EXTRACTED RECORDS: Begin

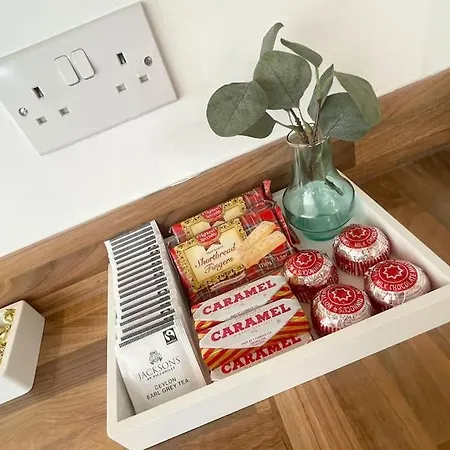 Modern Flat In With Free Parking *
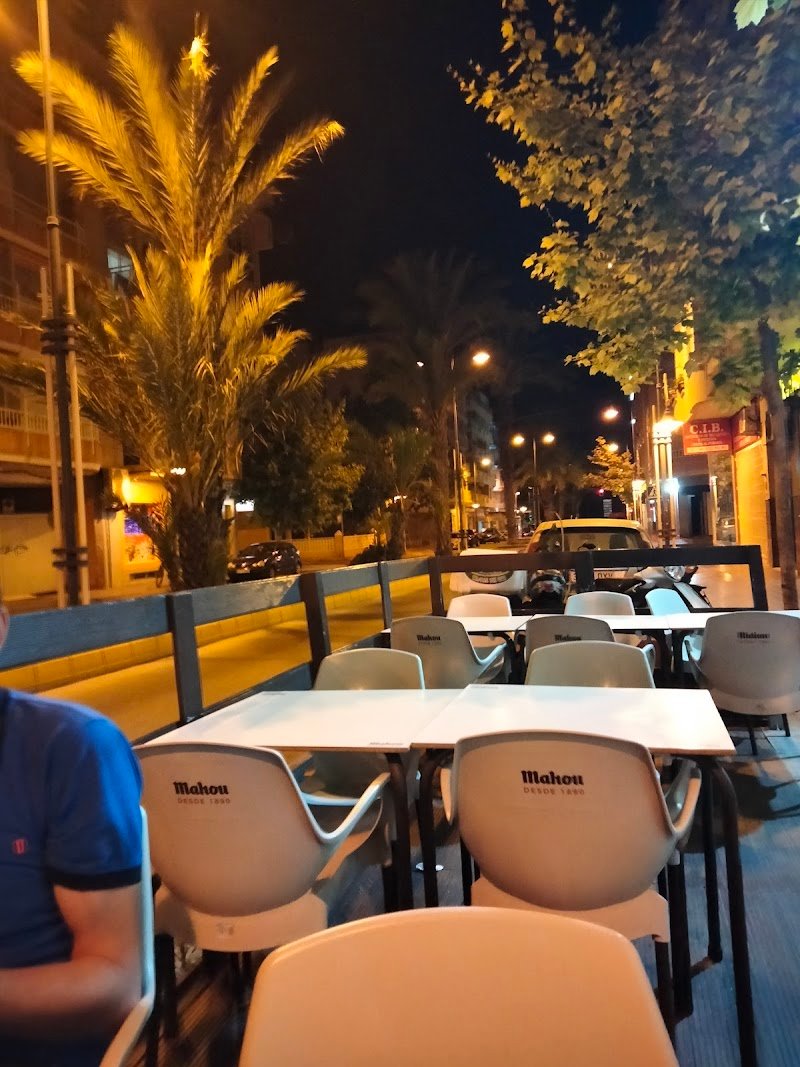 Rico Kebab & Pizza - restaurante en Torrevieja, Alicante, España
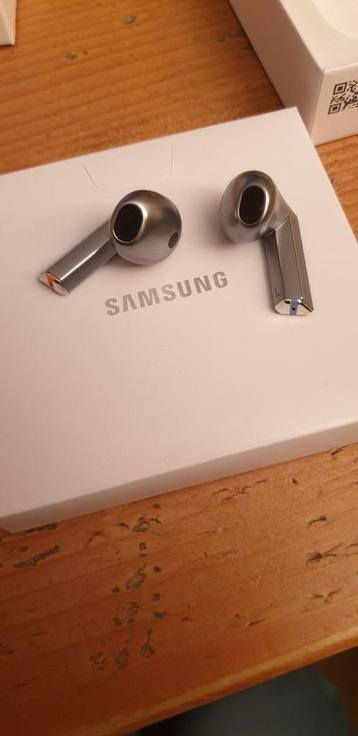 airpods, galaxy buds3 beschikbaar voor biedingen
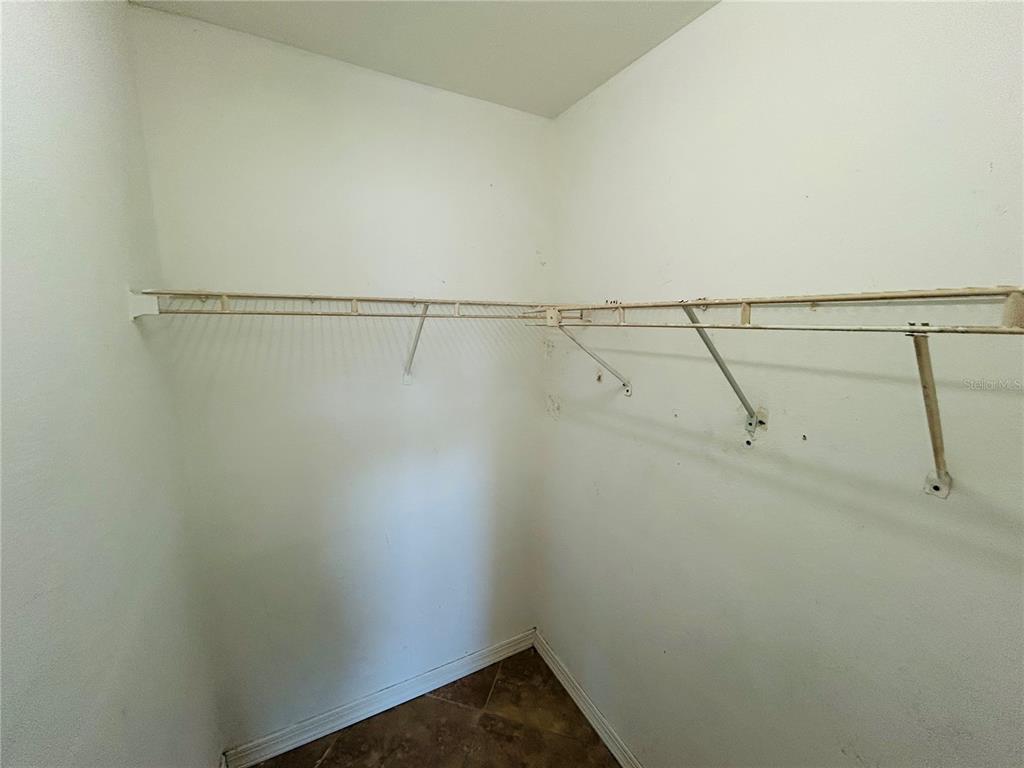 Undisclosed Address Orlando, FL 32811 - Photo 7 of 9 a view of small space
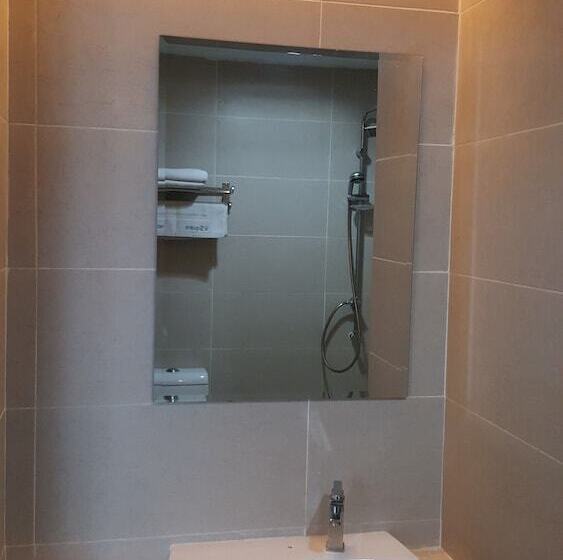 9 Square Hotel   Kota Damansara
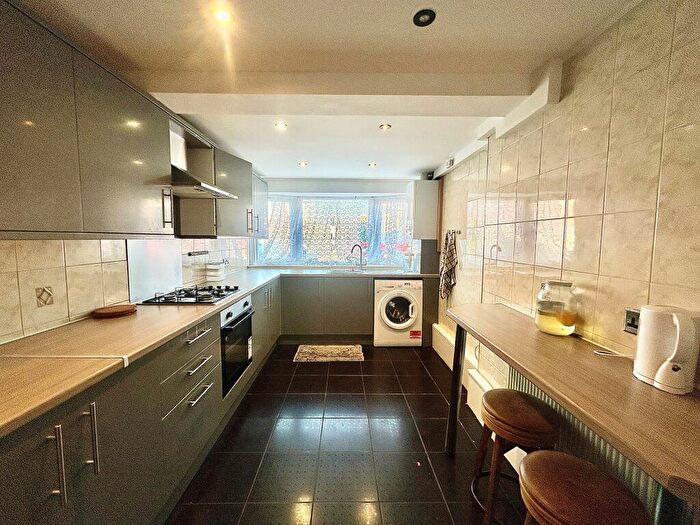 5 Bedroom House To Rent In Alexandra Road, Walthamstow, E17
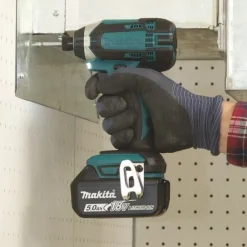 Iskevä akkuruuvinväännin Makita LXT DTD152, 165Nm, 18V, 5.0Ah akulla + Makpac 1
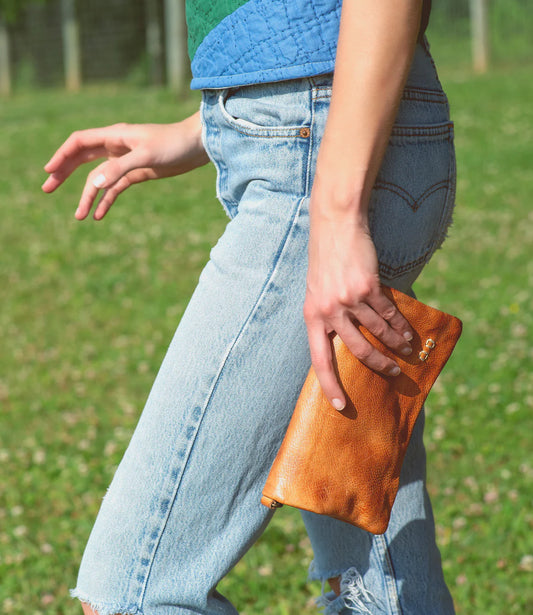 BedStu Cadence Tan Rustic Bag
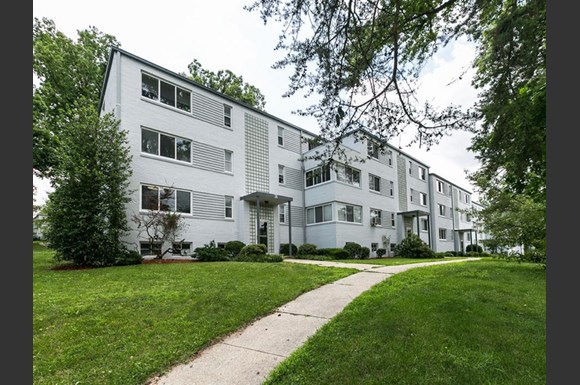 Greenbelt Park Apartments 28 Crescent Road Md Rentcafé Greenbelt Photo Gallery 1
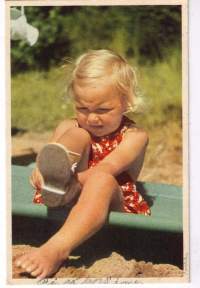 Postikortti: Pienen  tytön  on  joskus  vaikea  saada  kenkä  jalkaan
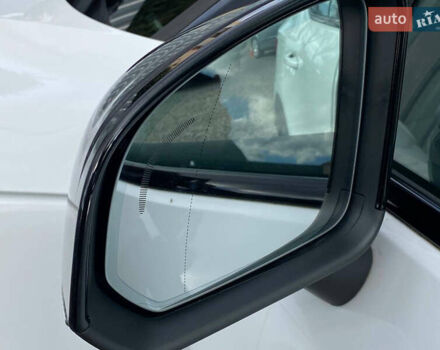 Вольво XC40 2021 в Самборе на Automoto.ua Белый Вольво XC40, объемом двигателя 0 л и пробегом 163 тыс. км за 23999 $, фото 50 на Automoto.ua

EXTRACTED RECORDS: End

Go through the entries and retype each one exactly, skipping any image.

 Modern Flat In With Free Parking *
 Rico Kebab & Pizza - restaurante en Torrevieja, Alicante, España
 airpods, galaxy buds3 beschikbaar voor biedingen
 Undisclosed Address Orlando, FL 32811 - Photo 7 of 9 a view of small space
 9 Square Hotel   Kota Damansara
 5 Bedroom House To Rent In Alexandra Road, Walthamstow, E17
 Iskevä akkuruuvinväännin Makita LXT DTD152, 165Nm, 18V, 5.0Ah akulla + Makpac 1
 BedStu Cadence Tan Rustic Bag
 Greenbelt Park Apartments 28 Crescent Road Md Rentcafé Greenbelt Photo Gallery 1
 Postikortti: Pienen  tytön  on  joskus  vaikea  saada  kenkä  jalkaan
 Вольво XC40 2021 в Самборе на Automoto.ua Белый Вольво XC40, объемом двигателя 0 л и пробегом 163 тыс. км за 23999 $, фото 50 на Automoto.ua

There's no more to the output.